Naqueles dias que antecediam o Natal, a tradicional festa na casa do seu Godenço, que reunia todo o povo da região, não estava ameaçada apenas pelo aguaceiro que não parava de cair e inundava tudo. Pois não é que o delegado do arraial tinha acabado de anunciar uma nova lei, que exigia pagamento de imposto e a necessidade de tirar licença para realizar um pagodezinho que seja? A ordem partira de Pidrim Lorenço, poderoso fazendeiro local, que resolvera botar um freio na “vadiagem” daqueles lavradores que desperdiçavam tempo com os festejos da folia, em detrimento da labuta no campo.

O compadre Dornelo era do parecer que o mais prudente seria cancelar a comemoração. “Lei é coisa que anda sempre mudando, quem sabe se no ano que entra já está tudo mudado e o senhor já pode revoltar a dar a brincadeira que sempre deu neste grande dia?”, argumentou, tentando convencer o velho Godenço. Mas este não se conformava. Passara dias ajuntando os ovos, secando o polvilho, separando os frangos, apartando as leitoas - além de já ter comprado os foguetes - para celebrar o terço de Natal, uma tradição que vinha da época do defunto seu pai. E, agora, suspender tudo? Não estava direito.
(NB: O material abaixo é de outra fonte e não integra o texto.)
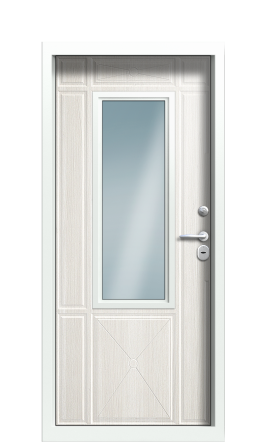 Дверь TermoPlus Ral 7009 Белая Эмаль 967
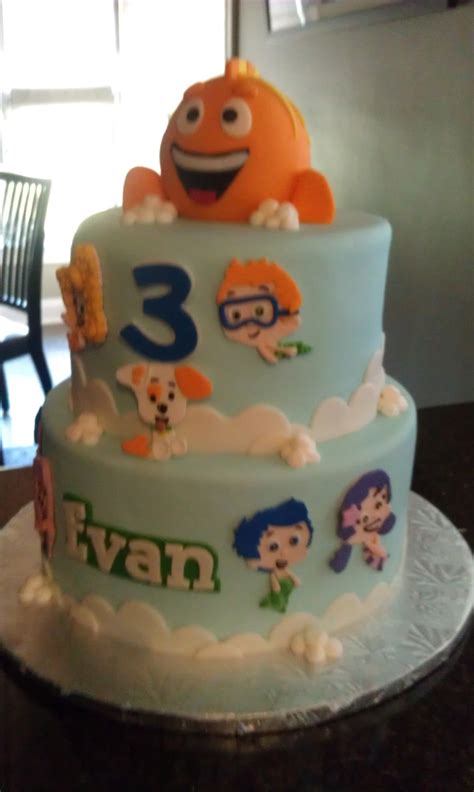 Bubble Guppies Cake - CakeCentral.com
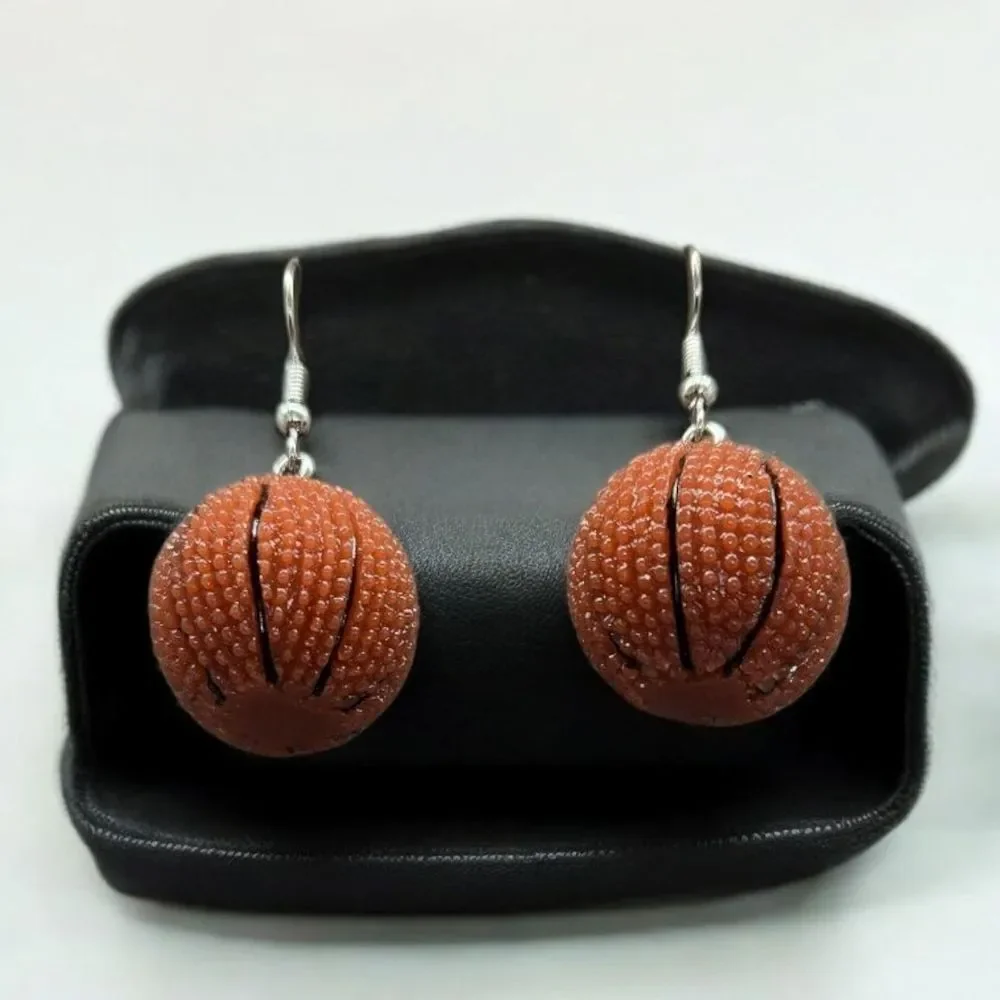 Basketball Earrings Ball Sports Mom Sister Team Jewelry NBA Fan Women's Jewelry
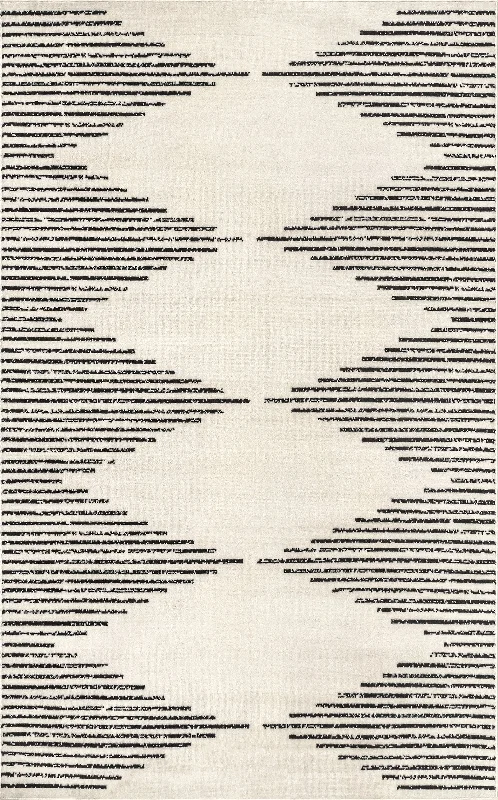 Diamond Pinstripes Rug | Black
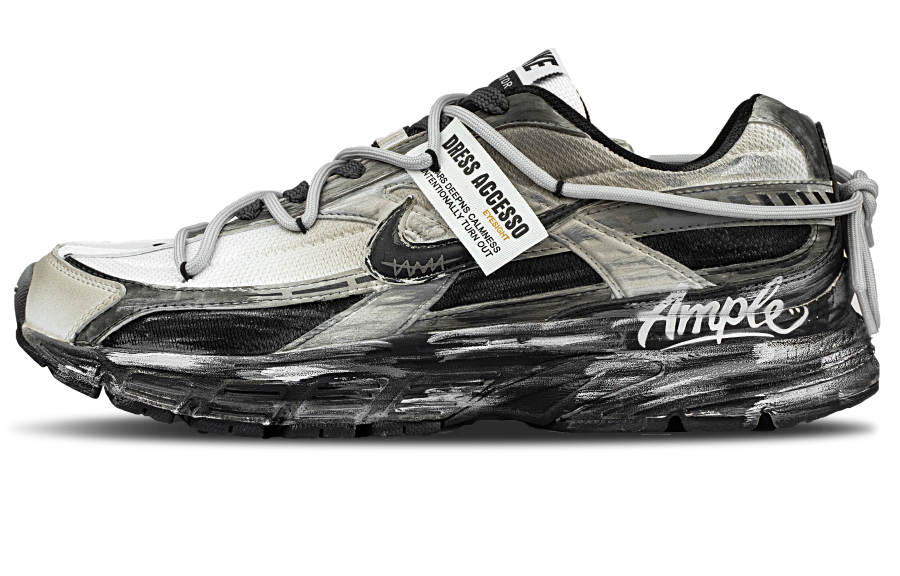 Nike Nike Initiator Abrasion Resistant Abrasion Resistant Low top Running Shoes Unisex Gray Gold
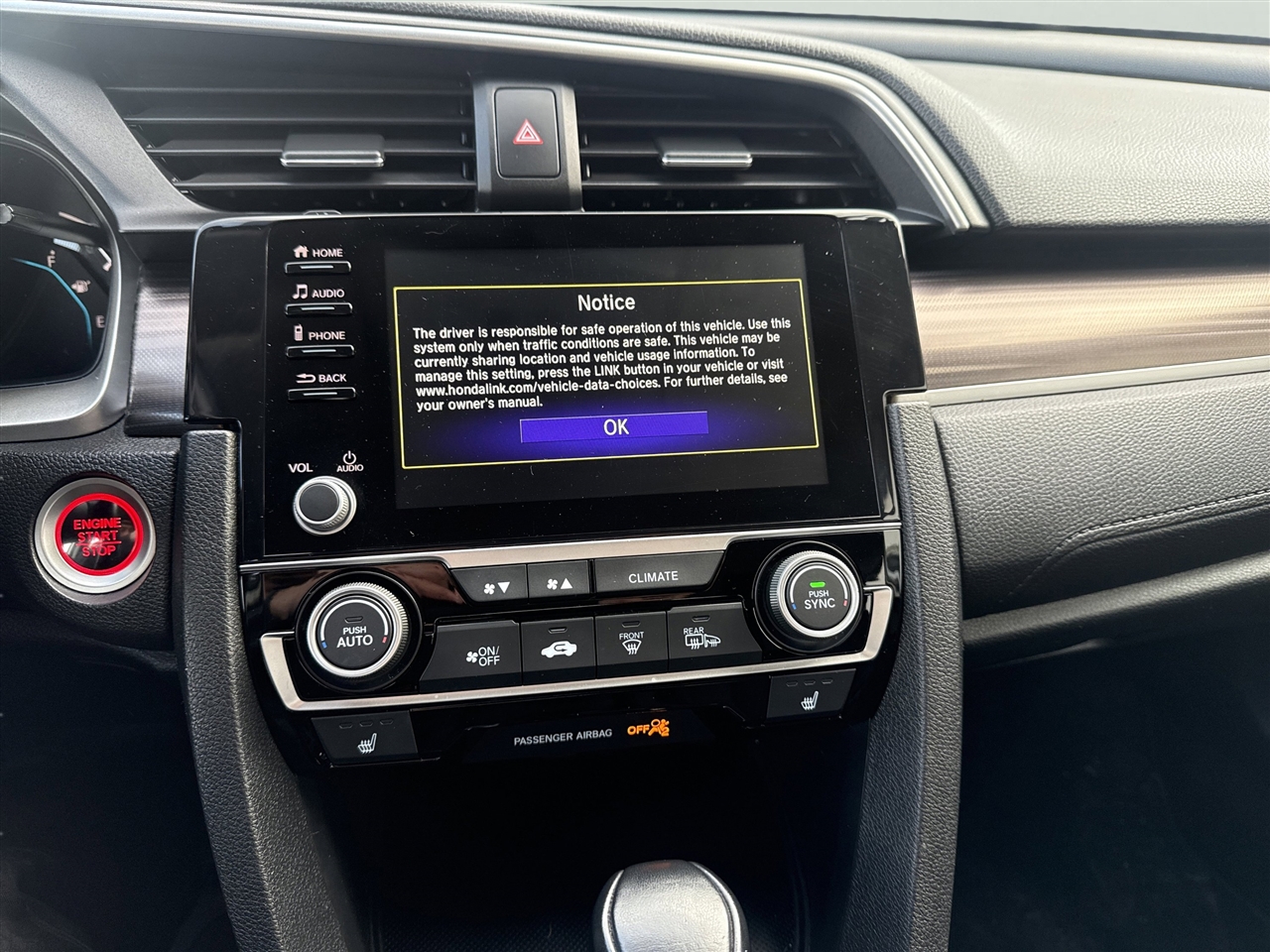 Honda Civic Sedan EX CVT 2019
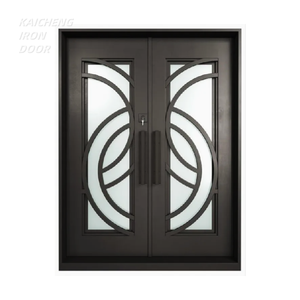 <span class=keywords><strong>Porte</strong></span> <span class=keywords><strong>d</strong></span>'<span class=keywords><strong>entrée</strong></span> moderne en fer forgé personnalisable - <span class=keywords><strong>Porte</strong></span> <span class=keywords><strong>d</strong></span>'<span class=keywords><strong>entrée</strong></span> de sécurité robuste <span class=keywords><strong>avec</strong></span> <span class=keywords><strong>serrure</strong></span> antivol, cadre métallique durable - Product Image 6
Na véspera do Natal, o tempo melhorou como que por milagre. Já que não podia ter pagode, Godenço resolveu ao menos garantir a ceia e a reza. A gente foi chegando, a animação crescendo e logo o som da sanfona se fez ouvir. O povo caiu na dança, numa alegria geral que só foi interrompida quando o cabo Rogaciano apareceu para acabar com a festa.
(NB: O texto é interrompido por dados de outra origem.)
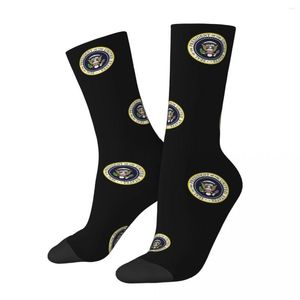 Calzini da uomo Usa President Seal Flag Stemma Harajuku Calze super morbide per tutte le stagioni Accessori lunghi per regali unisex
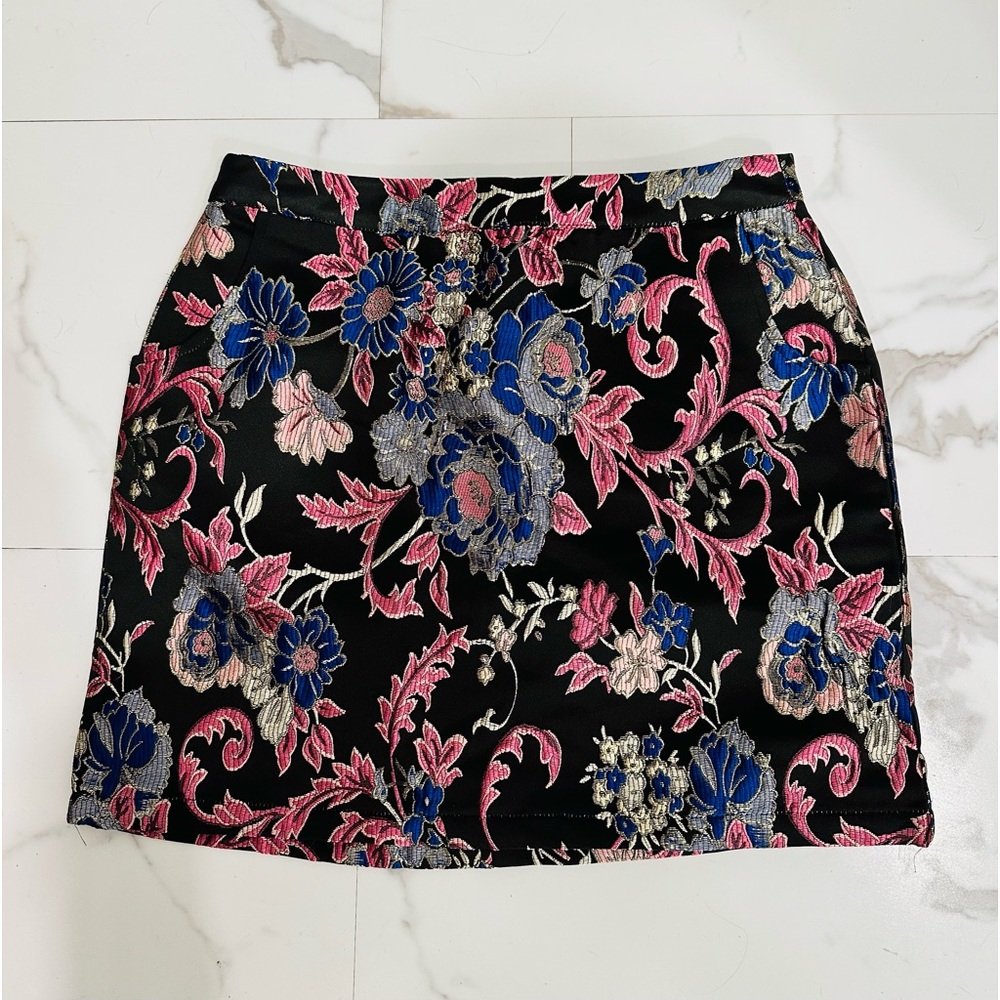 High waisted midi skirt by JustFab 🌺🕶️ size medium excellent condition
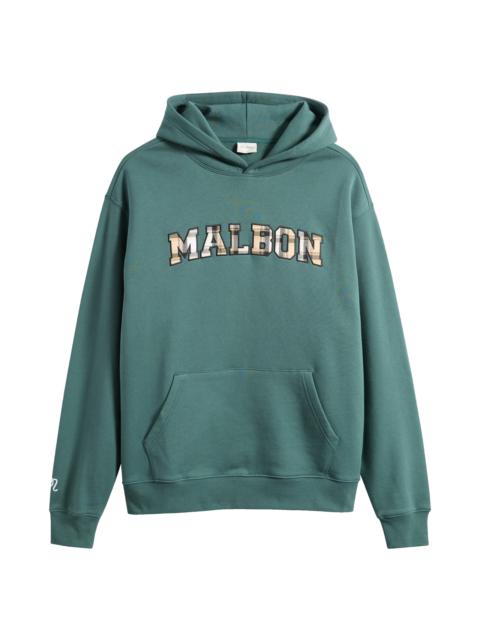 malbon Malbon Golf Fesque Preston Hoodie in Hunter Green at Nordstrom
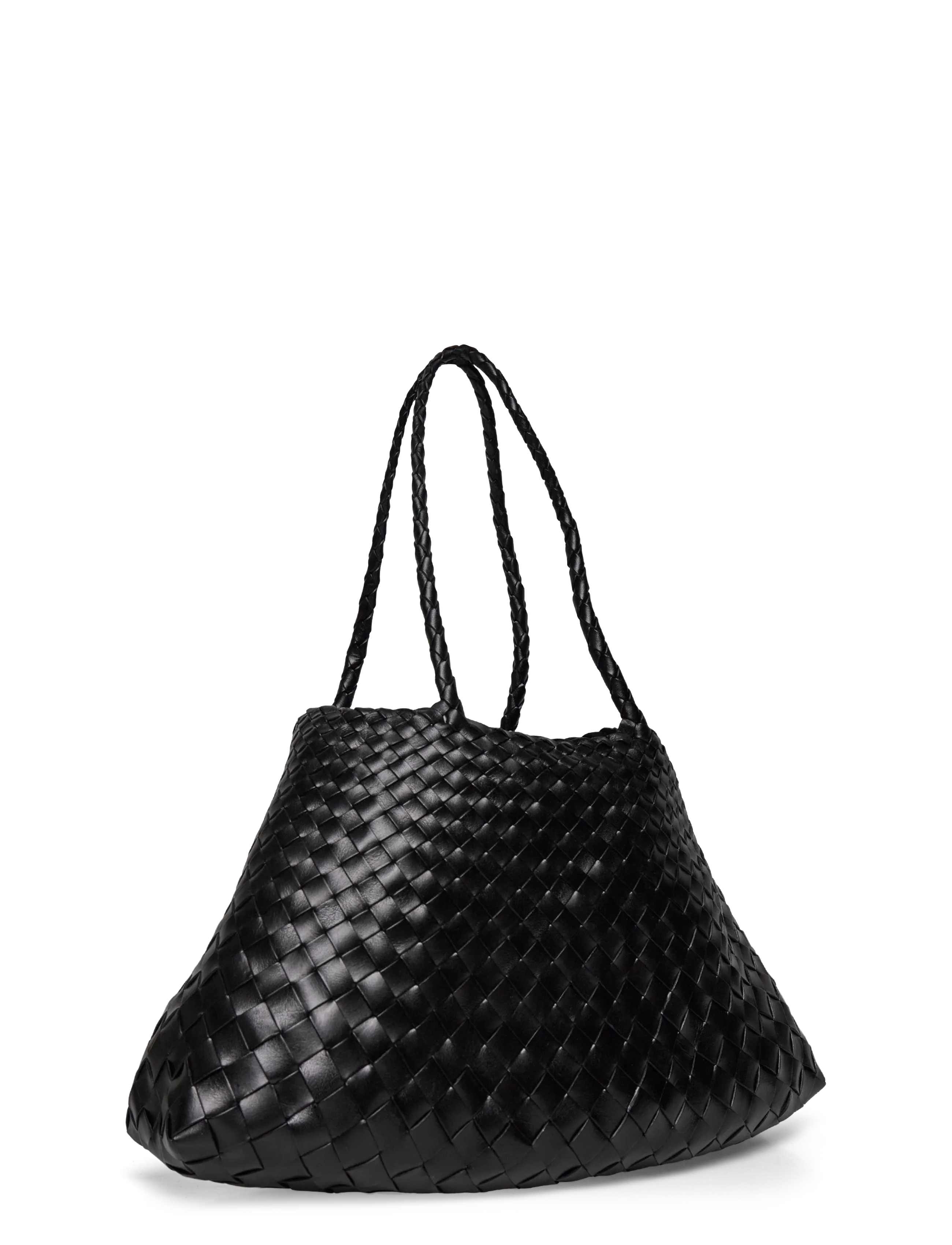 Dragon Diffusion - Santa Croce Big woven leather tote - shoppere - black - 2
As peripécias do velho Godenço para realizar seu pagode de Natal são narradas no conto O Último Natal do Cabo Rogaciano, incluído no livro A Ressurreição do Caçador de Gatos, do escritor Carmo Bernardes, que acaba de ganhar uma nova edição, pela Editora da UFG. Como um Dickens do sertão, Carmo Bernardes tece uma espécie de fábula moral neste seu divertido conto - ou seria melhor dizer “causo”? - natalino.
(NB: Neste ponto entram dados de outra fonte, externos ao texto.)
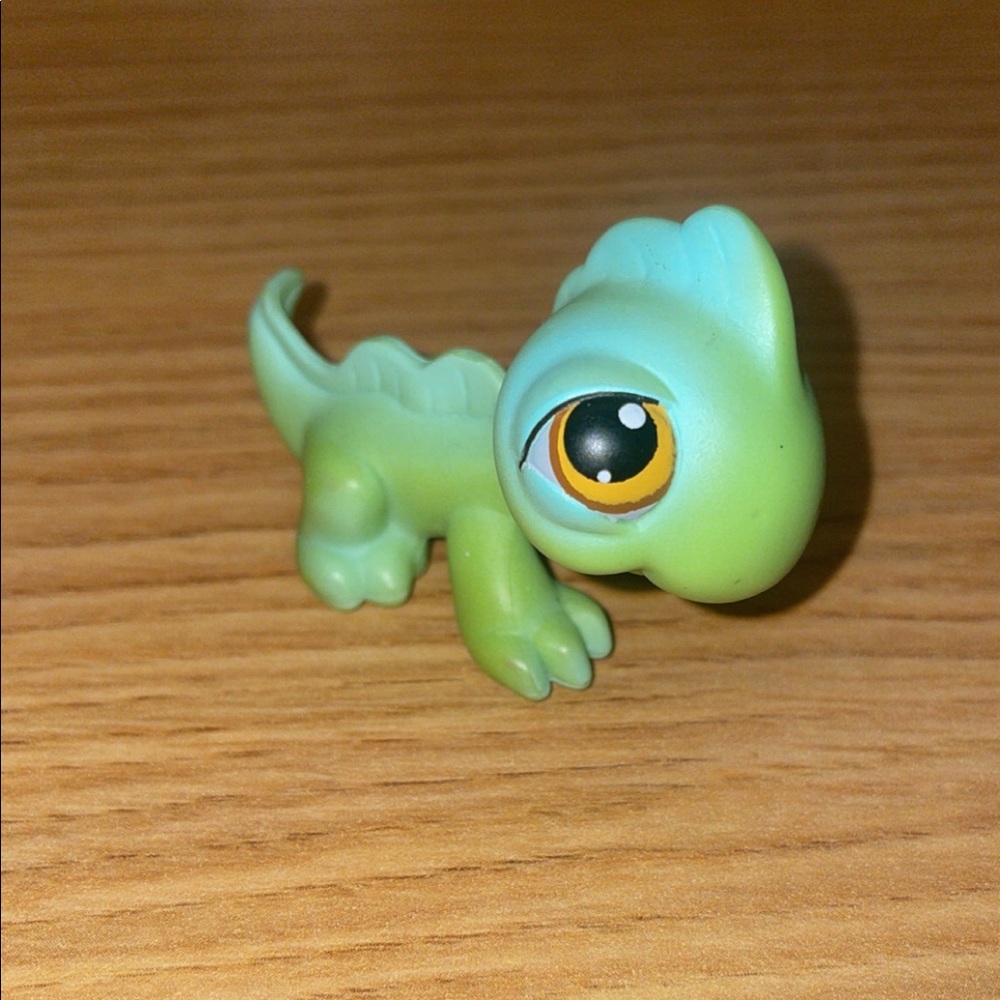 LPS Littlest Pet Shop Iguana #1865 Dragon Iguana Lézard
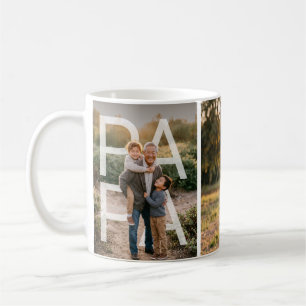 PhotoPop Papa 2 Foto Familie Kaffeetasse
No prefácio que escreveu para o livro, a professora Vera Maria Tietzmann Silva observa que, em sua obra, Carmo Bernardes procurou retratar o mundo sertanejo com seus princípios rígidos, valores, crenças, costumes e superstições. O sertanejo aprende com a experiência própria e com a sabedoria oriunda das experiências de seus antepassados, por isso apega-se tanto à tradição.

Mas, embora este microcosmo que Carmo se esmera em pintar seja marcado pela forte hierarquização das relações familiares e sociais, isso não significa que os seus simplórios personagens não tenham consciência da opressão a que são submetidos por um sistema baseado no latifúndio. E a insistência do velho Godenço em promover seu terço de Natal é uma manifestação de resistência diante da força do Estado, simbolizada pelo cabo Rogaciano, sempre a serviço dos poderosos.